[PATCH] Document Linux's memory barriers

Thu Mar 9 00:19:52 EST 2006

Paul Mackerras <paulus at samba.org> wrote:

> By "memory accesses" do you mean accesses to system memory, or do you
> mean loads and stores - which may be to system memory, memory on an I/O
> device (e.g. a framebuffer) or to memory-mapped I/O registers?

Well, I meant all loads and stores, irrespective of their destination.

However, on i386, for example, you've actually got at least two different I/O
access domains, and I don't know how they impinge upon each other (IN/OUT vs
MOV).

> Enabling/disabling interrupts doesn't imply a barrier on powerpc, and
> nor does taking an interrupt or returning from one.

Surely it ought to, otherwise what's to stop accesses done with interrupts
disabled crossing with accesses done inside an interrupt handler?

> > +Either interrupt disablement (LOCK) and enablement (UNLOCK) will barrier
> ...
> I don't think this is right, and I don't think it is necessary to
> achieve the end you state, since a CPU will always see its own memory
> accesses in program order.

But what about a driver accessing some memory that its device is going to
observe under irq disablement, and then getting an interrupt immediately after
from that same device, the handler for which communicates with the device,
possibly then being broken because the CPU hasn't completed all the memory
accesses that the driver made while interrupts are disabled?

Alternatively, might it be possible for communications between two CPUs to be
stuffed because one took an interrupt that also modified common data before
the it had committed the memory accesses done under interrupt disablement?
This would suggest using a lock though.

I'm not sure that I can come up with a feasible example for this, but Alan Cox
seems to think that it's a valid problem too.

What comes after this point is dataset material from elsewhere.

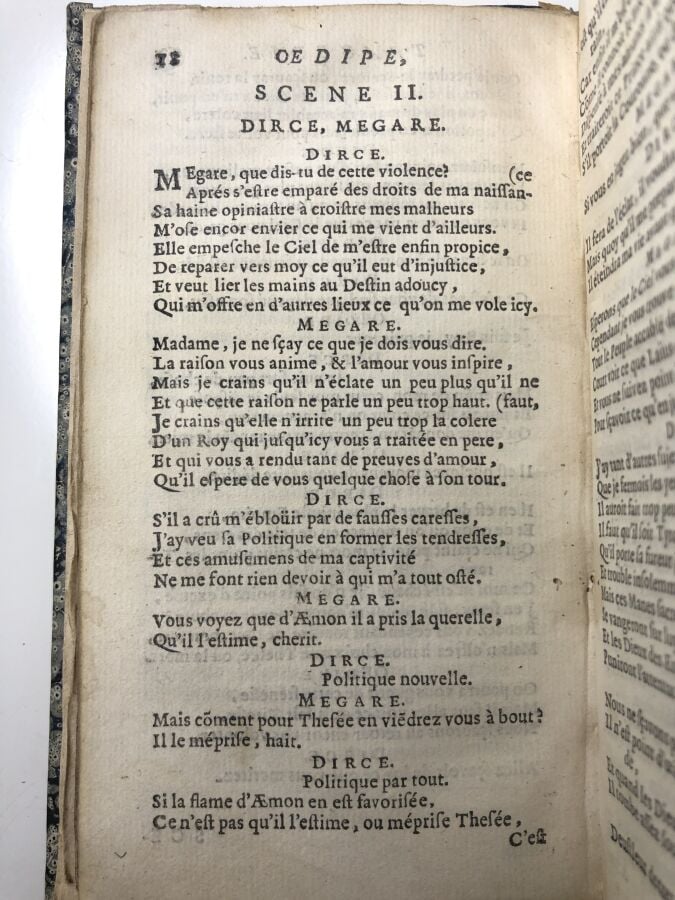 CORNEILLE. - Oedipe. Édité à Paris chez sans mention d'éditeur en 1663. De form…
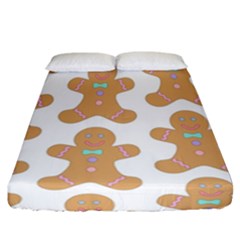 Happy Birthday Pattern Christmas Biscuits Pastries Fitted Sheet (california King Size) by artworkshop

The only likely way I can see this being a problem is with unordered I/O
writes, which would suggest you have to place an mmiowb() before unlocking the
spinlock in such a case, assuming it is possible to get unordered I/O writes
(which I think it is).

> What does *F+*A mean?

Combined accesses.

> Well, the driver should *not* be doing *ADR at all, it should be using
> read[bwl]/write[bwl].  The architecture code has to implement
> read*/write* in such a way that the accesses generated can't be
> reordered.  I _think_ it also has to make sure the write accesses
> can't be write-combined, but it would be good to have that clarified.

Than what use mmiowb()?

Surely write combining and out-of-order reads are reasonable for cacheable
devices like framebuffers.

David